◆ Data for review:
* * * *
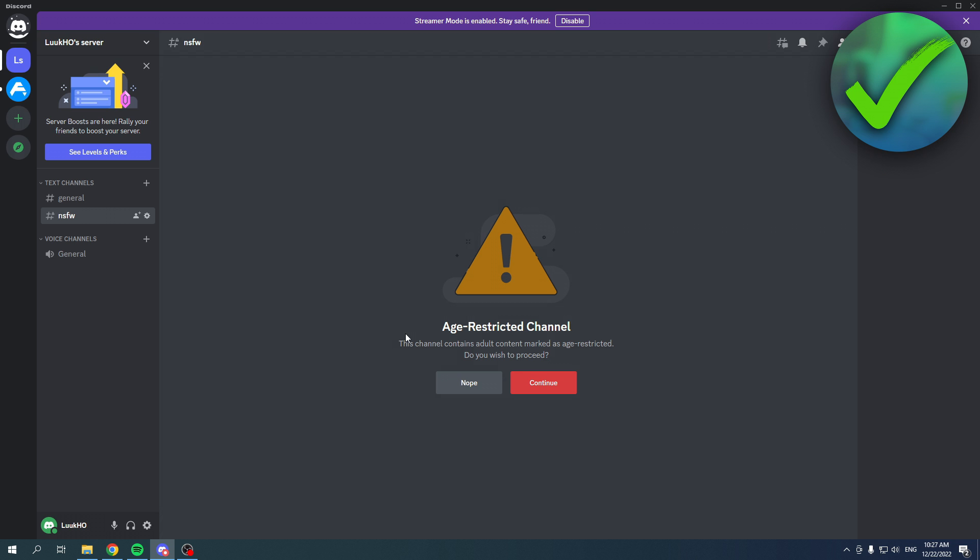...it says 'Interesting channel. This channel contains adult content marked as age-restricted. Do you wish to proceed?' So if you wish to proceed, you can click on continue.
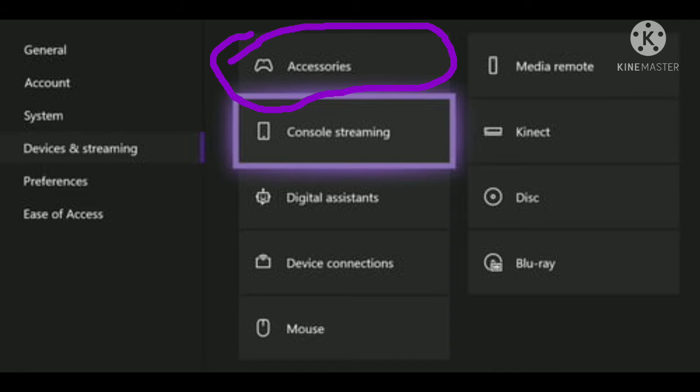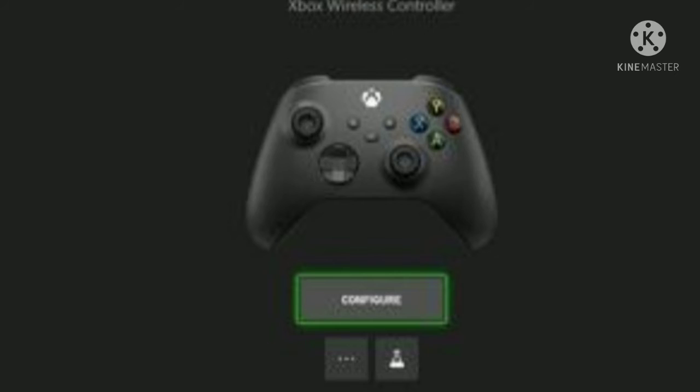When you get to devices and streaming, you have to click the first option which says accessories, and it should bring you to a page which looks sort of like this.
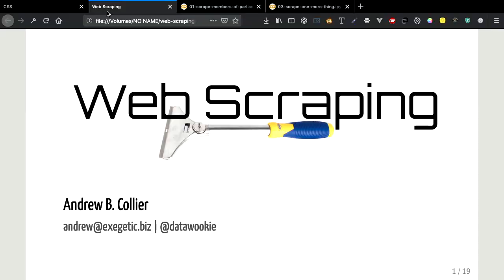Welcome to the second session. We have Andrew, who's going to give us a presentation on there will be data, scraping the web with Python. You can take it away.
* * * *
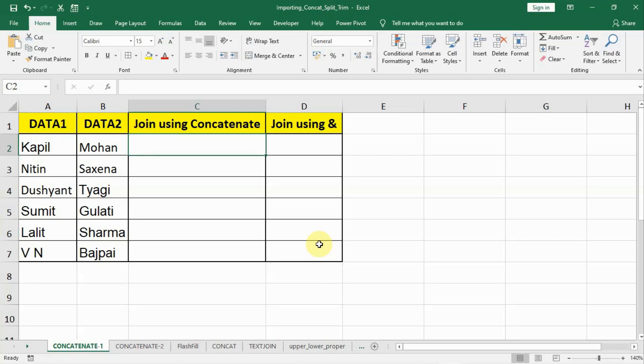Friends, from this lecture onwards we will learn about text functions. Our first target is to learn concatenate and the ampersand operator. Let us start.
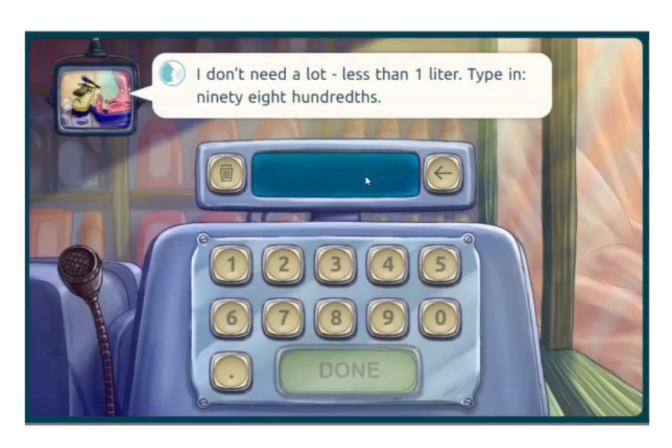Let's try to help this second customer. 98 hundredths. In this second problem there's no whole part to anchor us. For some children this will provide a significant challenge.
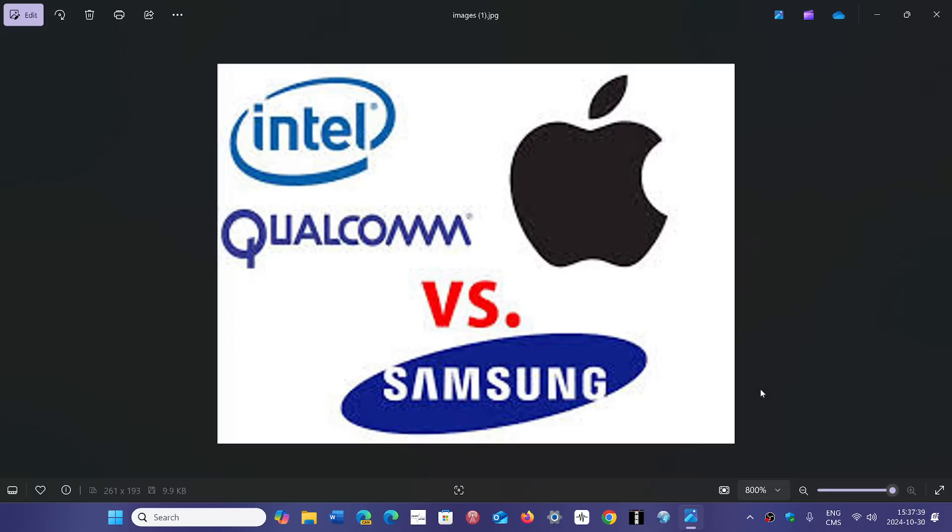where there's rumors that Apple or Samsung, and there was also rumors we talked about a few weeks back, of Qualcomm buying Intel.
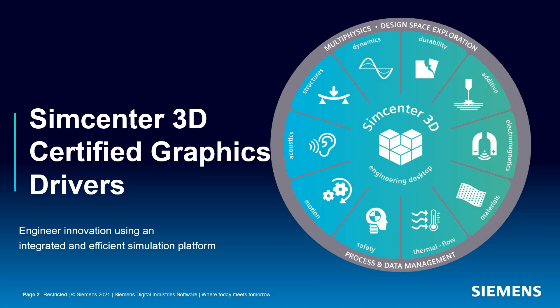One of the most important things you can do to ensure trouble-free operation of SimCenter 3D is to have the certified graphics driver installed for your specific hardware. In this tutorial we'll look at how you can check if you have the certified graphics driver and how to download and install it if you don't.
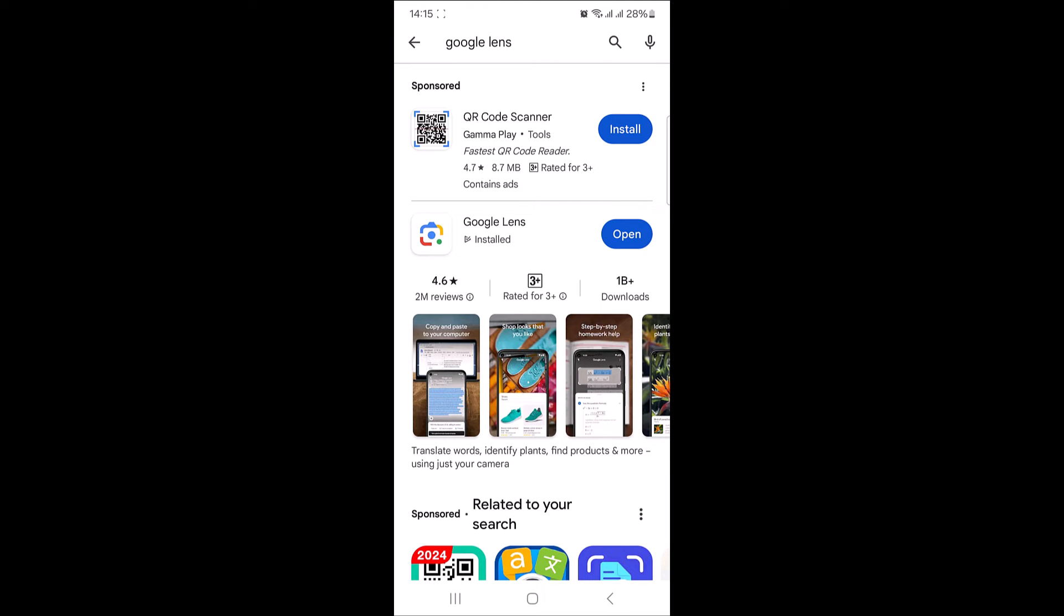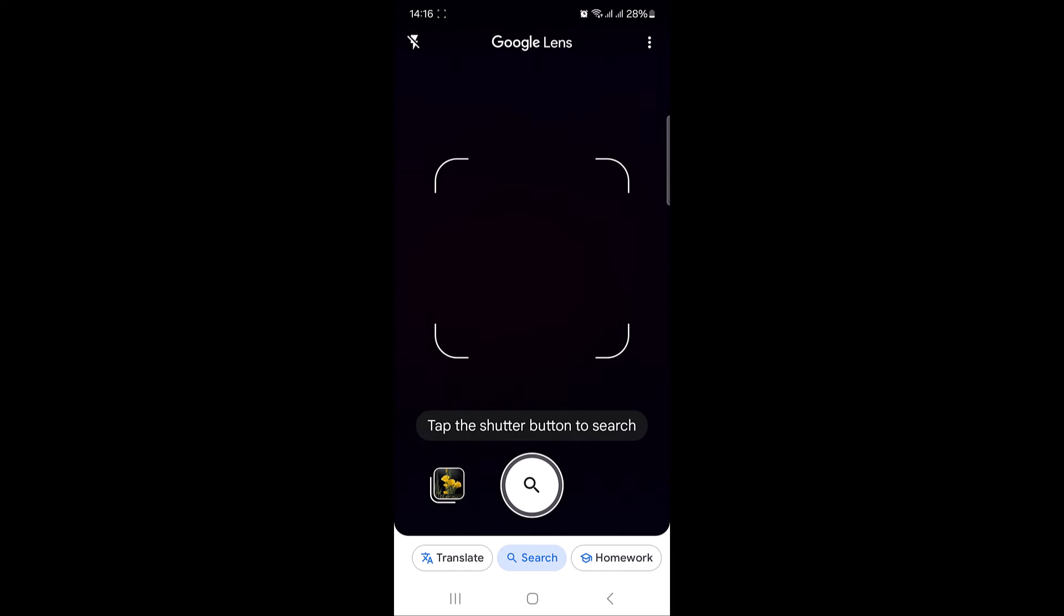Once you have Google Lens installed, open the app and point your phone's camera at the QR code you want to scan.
* * * *
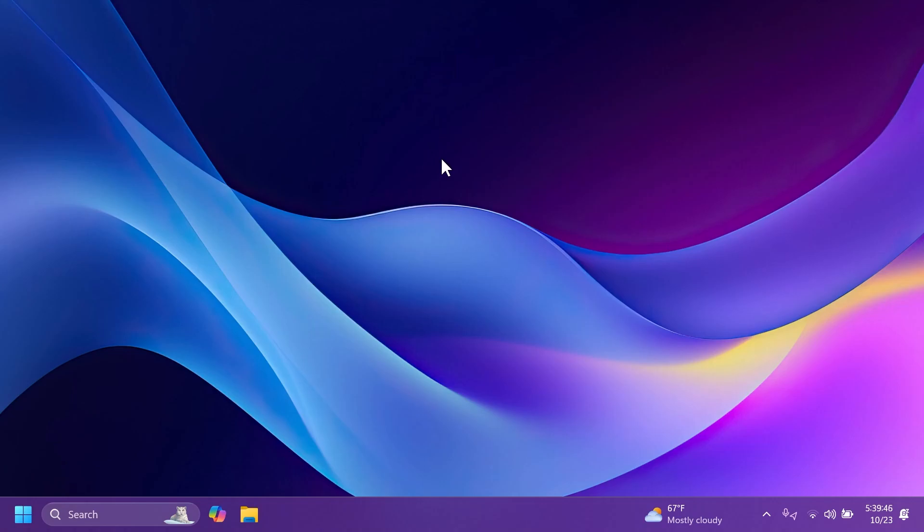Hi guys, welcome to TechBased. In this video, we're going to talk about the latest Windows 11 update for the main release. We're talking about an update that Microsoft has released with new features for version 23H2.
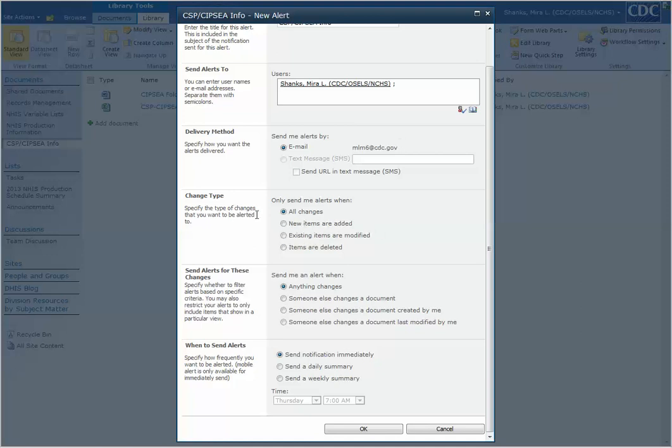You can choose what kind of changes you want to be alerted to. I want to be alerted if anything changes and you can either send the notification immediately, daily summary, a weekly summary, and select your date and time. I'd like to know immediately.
* * * *
◆ Task description: With the pictures omitted, copy exactly the lines of the listing above starting at the line containing "Let's try to" and ending at the line containing "where there's rumors", both included.

◆ Response:
Let's try to help this second customer. 98 hundredths. In this second problem there's no whole part to anchor us. For some children this will provide a significant challenge.
where there's rumors that Apple or Samsung, and there was also rumors we talked about a few weeks back, of Qualcomm buying Intel.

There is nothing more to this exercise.